**REQUIRED WORK**: For this exercise, write out exactly the lines of the material from the one containing "- Unused Stamps" through the end, both ends included, and nothing more.

**GIVEN RECORDS**:
________________

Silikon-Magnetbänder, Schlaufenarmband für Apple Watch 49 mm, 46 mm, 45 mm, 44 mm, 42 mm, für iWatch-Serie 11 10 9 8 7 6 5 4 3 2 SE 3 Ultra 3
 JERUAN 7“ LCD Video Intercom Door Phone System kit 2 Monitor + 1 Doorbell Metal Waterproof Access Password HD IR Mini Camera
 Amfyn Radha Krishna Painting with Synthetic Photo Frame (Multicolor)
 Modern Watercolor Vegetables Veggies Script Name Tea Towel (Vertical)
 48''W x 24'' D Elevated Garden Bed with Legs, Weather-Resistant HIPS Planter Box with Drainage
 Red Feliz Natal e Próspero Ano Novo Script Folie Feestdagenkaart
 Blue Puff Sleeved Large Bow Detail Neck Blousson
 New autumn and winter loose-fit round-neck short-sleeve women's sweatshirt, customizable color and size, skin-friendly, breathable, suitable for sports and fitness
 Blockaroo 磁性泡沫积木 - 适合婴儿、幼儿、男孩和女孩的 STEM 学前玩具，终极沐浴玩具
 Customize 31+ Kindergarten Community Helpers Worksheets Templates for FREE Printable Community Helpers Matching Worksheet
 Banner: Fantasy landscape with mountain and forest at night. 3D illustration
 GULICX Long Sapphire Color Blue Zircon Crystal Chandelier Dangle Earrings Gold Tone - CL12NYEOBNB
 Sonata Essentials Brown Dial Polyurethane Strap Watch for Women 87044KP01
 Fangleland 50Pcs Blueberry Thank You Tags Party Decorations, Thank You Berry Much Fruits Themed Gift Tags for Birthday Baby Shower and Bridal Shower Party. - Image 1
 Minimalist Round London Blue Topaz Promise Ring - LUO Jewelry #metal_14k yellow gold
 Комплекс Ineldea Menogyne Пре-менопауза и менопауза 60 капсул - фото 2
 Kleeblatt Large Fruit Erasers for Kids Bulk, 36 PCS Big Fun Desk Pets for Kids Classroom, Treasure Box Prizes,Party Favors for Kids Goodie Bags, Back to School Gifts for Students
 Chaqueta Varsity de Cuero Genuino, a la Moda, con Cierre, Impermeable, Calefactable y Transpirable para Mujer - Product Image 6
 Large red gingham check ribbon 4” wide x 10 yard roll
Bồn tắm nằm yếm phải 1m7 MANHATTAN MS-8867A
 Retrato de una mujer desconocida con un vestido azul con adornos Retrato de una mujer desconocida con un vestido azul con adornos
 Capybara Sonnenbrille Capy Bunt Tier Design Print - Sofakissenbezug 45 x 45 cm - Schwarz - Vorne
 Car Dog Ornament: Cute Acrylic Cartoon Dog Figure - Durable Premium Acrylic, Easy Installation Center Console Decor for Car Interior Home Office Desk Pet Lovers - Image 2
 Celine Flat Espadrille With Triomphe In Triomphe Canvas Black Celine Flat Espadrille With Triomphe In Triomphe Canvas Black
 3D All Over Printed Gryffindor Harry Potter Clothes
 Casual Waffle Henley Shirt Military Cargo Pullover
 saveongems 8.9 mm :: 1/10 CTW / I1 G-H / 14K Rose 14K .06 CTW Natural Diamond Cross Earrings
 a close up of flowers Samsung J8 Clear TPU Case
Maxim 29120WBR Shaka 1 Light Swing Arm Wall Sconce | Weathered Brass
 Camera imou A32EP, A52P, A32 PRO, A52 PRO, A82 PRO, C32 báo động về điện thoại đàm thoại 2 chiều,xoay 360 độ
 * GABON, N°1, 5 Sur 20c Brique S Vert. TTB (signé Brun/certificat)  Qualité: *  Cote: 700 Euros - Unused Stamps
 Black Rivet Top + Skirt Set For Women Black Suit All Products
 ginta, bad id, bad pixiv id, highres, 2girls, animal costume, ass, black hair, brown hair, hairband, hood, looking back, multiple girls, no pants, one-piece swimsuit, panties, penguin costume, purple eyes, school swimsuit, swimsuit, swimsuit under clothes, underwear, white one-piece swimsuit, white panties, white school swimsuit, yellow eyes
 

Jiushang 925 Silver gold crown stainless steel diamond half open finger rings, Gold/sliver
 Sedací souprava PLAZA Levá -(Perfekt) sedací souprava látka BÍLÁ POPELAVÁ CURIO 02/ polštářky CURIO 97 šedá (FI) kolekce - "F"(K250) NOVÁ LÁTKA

________________

**ANSWER SECTION**:
 * GABON, N°1, 5 Sur 20c Brique S Vert. TTB (signé Brun/certificat)  Qualité: *  Cote: 700 Euros - Unused Stamps
 Black Rivet Top + Skirt Set For Women Black Suit All Products
 ginta, bad id, bad pixiv id, highres, 2girls, animal costume, ass, black hair, brown hair, hairband, hood, looking back, multiple girls, no pants, one-piece swimsuit, panties, penguin costume, purple eyes, school swimsuit, swimsuit, swimsuit under clothes, underwear, white one-piece swimsuit, white panties, white school swimsuit, yellow eyes
 

Jiushang 925 Silver gold crown stainless steel diamond half open finger rings, Gold/sliver
 Sedací souprava PLAZA Levá -(Perfekt) sedací souprava látka BÍLÁ POPELAVÁ CURIO 02/ polštářky CURIO 97 šedá (FI) kolekce - "F"(K250) NOVÁ LÁTKA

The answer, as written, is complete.